Cependant, diverses clauses complémentaires du texte d'origine sont progressivement venues restreindre la stricte application de ce droit :
- "Il (le candidat) doit pouvoir, s'il le désire, être inscrit en fonction des formations existantes dans un établissement ayant son siège dans le ressort de l'académie où il a obtenu le baccalauréat ou son équivalent". En d'autres termes, ce droit d'accès automatique s'estompe dès lors que la candidature porte vers une université située hors de son académie d'origine.
- "Lorsque l'effectif des candidatures excède les capacités d'accueil d'un établissement, constatées par l'autorité administrative, les inscriptions sont prononcées, après avis du Président de cet établissement, par le Recteur chancelier, selon la règlementation établie par le ministre chargé de l'enseignement supérieur, en fonction du domicile, de la situation de famille du candidat, et des préférences exprimées par celui-ci". Autrement dit, l'accès à de telles licences "à capacités d'accueil inférieures au nombre des candidats" peut faire l'objet d'une restriction du droit d'accès automatique.
Toutefois, ce texte législatif ajoute que "les dispositions relatives à la répartition entre les établissements et les formations (universitaires) excluent toute sélection (...)", sauf dans le cas des établissements dont le statut autorise à procéder ainsi.
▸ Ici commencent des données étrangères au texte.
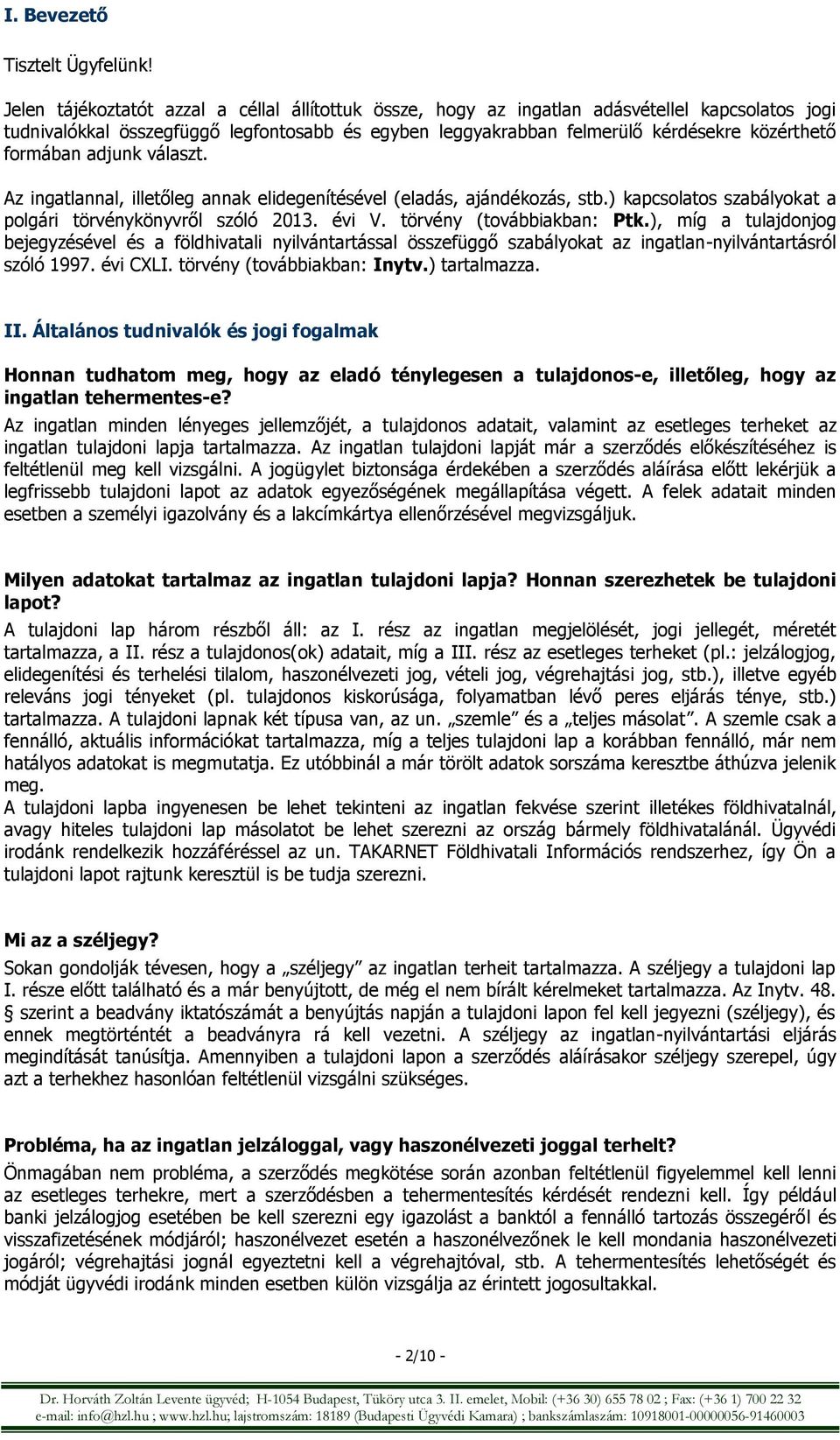 formában adjunk választ. Az ingatlannal, illetőleg annak elidegenítésével (eladás, ajándékozás, stb.) kapcsolatos szabályokat a polgári törvénykönyvről szóló 2013. évi V. törvény (továbbiakban: Ptk.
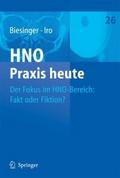 Der Fokus im HNO-Bereich: Fakt oder Fiktion?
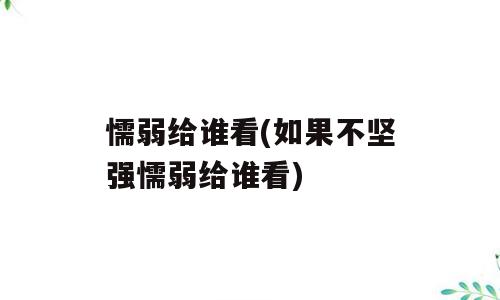 懦弱给谁看(如果不坚强懦弱给谁看)
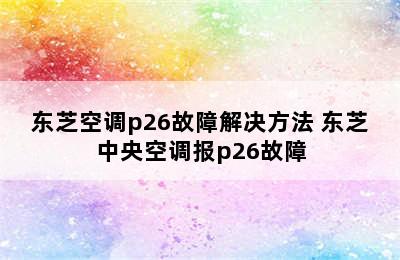 东芝空调p26故障解决方法 东芝中央空调报p26故障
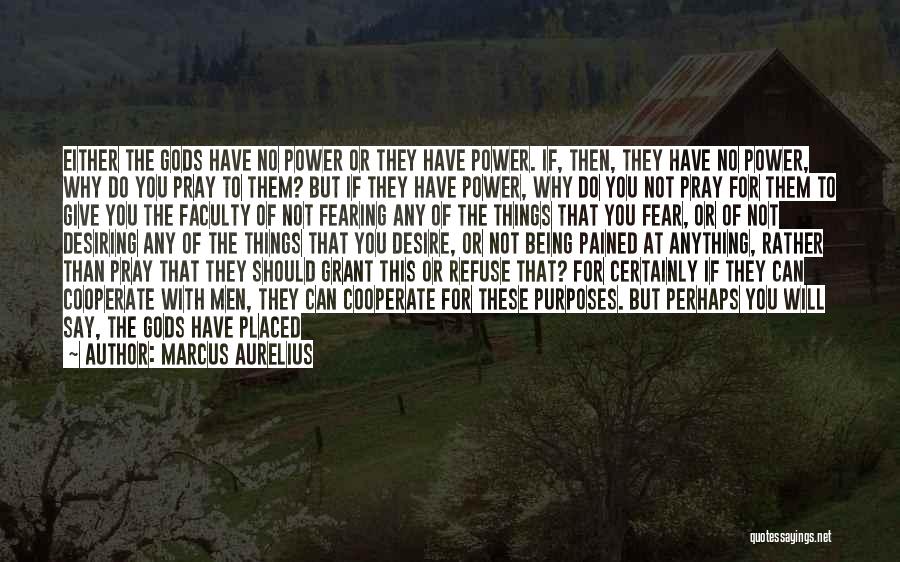 Desiring Power Quotes By Marcus Aurelius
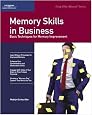 Memory Skills in Business (Crisp Fifty-Minute Series)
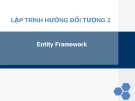 Bài giảng Lập trình hướng đối tượng - Chương 8: Entity Framework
Parmi les formations universitaires de premier cycle, le texte cite une liste des établissements universitaires autorisés à user de pratiques sélectives à leur entrée : les Instituts universitaires de technologie, les "grands établissements", les instituts et écoles universitaires divers, et par extension, toute formation universitaire autorisée à pratiquer à ses recrutements d 'étudiants par procédure de sélection (bi licences, classes préparatoires universitaires, etc.).
1. Une liberté en partie remise en cause par la loi "orientation et réussite des étudiants" , N° 2018-166 du 8 mars 2018 (loi ORE), venue modifier l'article L 612-3 du Code de l'éducation.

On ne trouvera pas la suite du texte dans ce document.